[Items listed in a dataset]
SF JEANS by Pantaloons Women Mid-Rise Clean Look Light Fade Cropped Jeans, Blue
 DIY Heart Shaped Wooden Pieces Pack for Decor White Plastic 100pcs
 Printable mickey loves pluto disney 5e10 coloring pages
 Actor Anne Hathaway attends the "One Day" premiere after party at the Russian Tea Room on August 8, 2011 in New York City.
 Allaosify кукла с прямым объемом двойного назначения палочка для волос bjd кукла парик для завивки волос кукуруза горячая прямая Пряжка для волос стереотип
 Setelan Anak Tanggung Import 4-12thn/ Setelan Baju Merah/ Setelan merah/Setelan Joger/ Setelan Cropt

→ **Try it**:
From the line containing "Allaosify кукла с" to the last line of the records above, please write out every line exactly and add nothing.

→ **Output for this exercise**:
 Allaosify кукла с прямым объемом двойного назначения палочка для волос bjd кукла парик для завивки волос кукуруза горячая прямая Пряжка для волос стереотип
 Setelan Anak Tanggung Import 4-12thn/ Setelan Baju Merah/ Setelan merah/Setelan Joger/ Setelan Cropt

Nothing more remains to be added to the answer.